This article is about creating a parser for HEX files, a format that is often used as an intermediate step for programming microcontrollers. Although there are – of course – implementations out there already, I would like to use this as a welcome opportunity to play around with some interesting approaches: Object Oriented Design Patterns, Finite State Machines (FSM) and Test-Driven Development (TDD).
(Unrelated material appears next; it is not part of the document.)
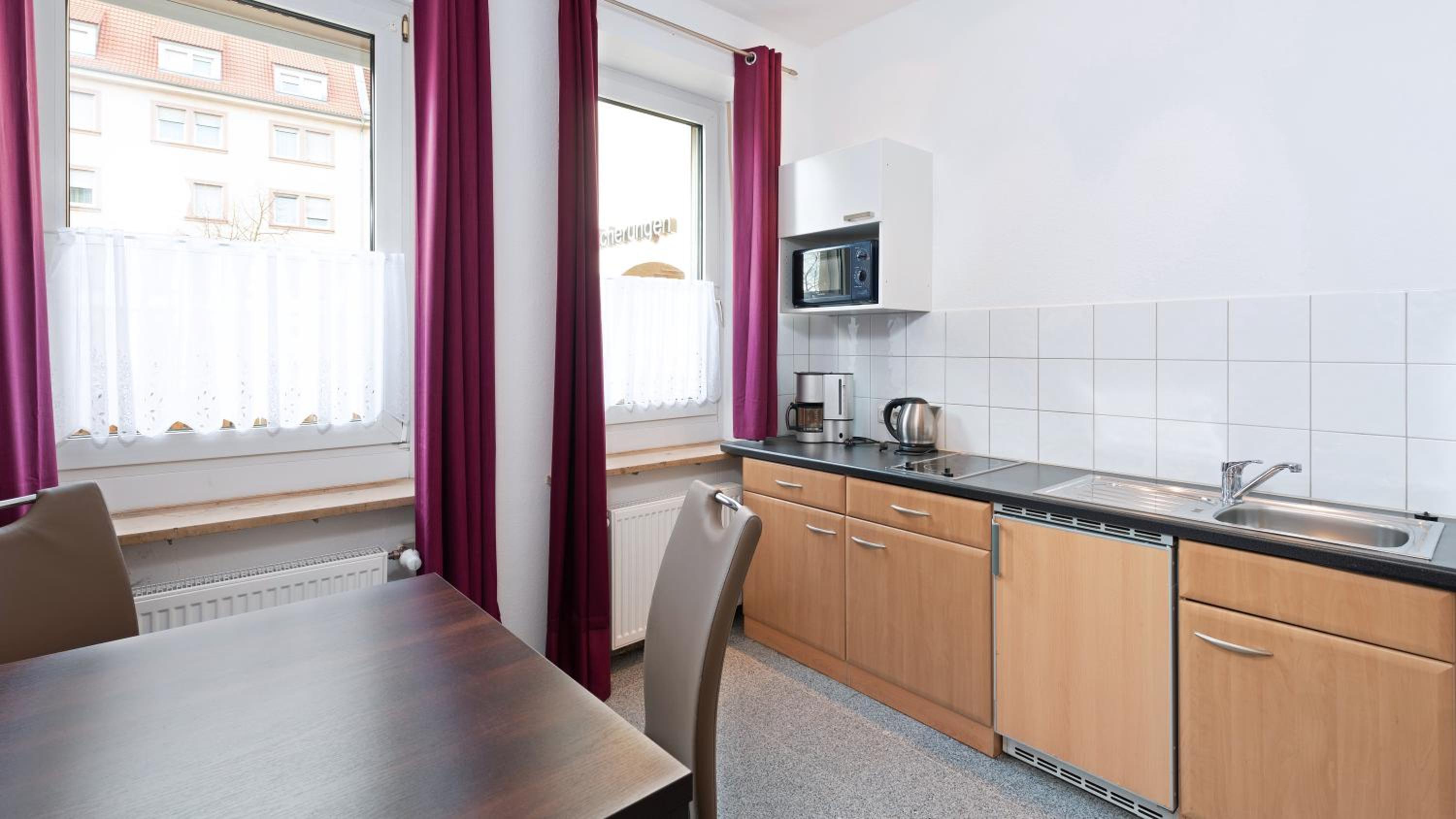 Boardinghouse - Stadtvilla Budget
We will start off with a brief definition of the HEX format. Based on that, we will develop a state diagram that shows the potential solution at a glance. From there, we will grow the implementation in C++ in a test-driven style.

The HEX format

HEX is an ASCII format for storing binary data (Wikipedia: Intel HEX). As an introduction, let’s take a look at a file containing two example records (taken from the Wikipedia article):

:100130003F0156702B5E712B722B732146013421C7
:00000001FF

That file consists of two records separated by a newline – the first one being a Data record:

  • :: Start Code
  • 10: Byte Count (0x10, 16 in decimal)
  • 0130: Address
  • 00: Record Type Data
  • 3F0156702B5E712B722B732146013421: payload
  • C7: Checksum

The second example record is of type End-Of-File (EOF):

  • :: Start Code
  • 00: Byte Count (zero)
  • 0000: Address (“typically” zero, says Wikipedia)
  • 01: Record Type EOF
  • <no payload>
  • FF: Checksum

Those two lines make up a complete and valid HEX file.

Requirements & Design

To define the scope of our parser, let’s set a few restrictions:

  • We only care about one record, not an entire file.
  • The parser has no knowledge of the restriction that only one EOF record per file is allowed.
  • We plan to handle 16 bit addresses only (I8HEX) as this is enough for the program memory of the microcontrollers we’re targetting here.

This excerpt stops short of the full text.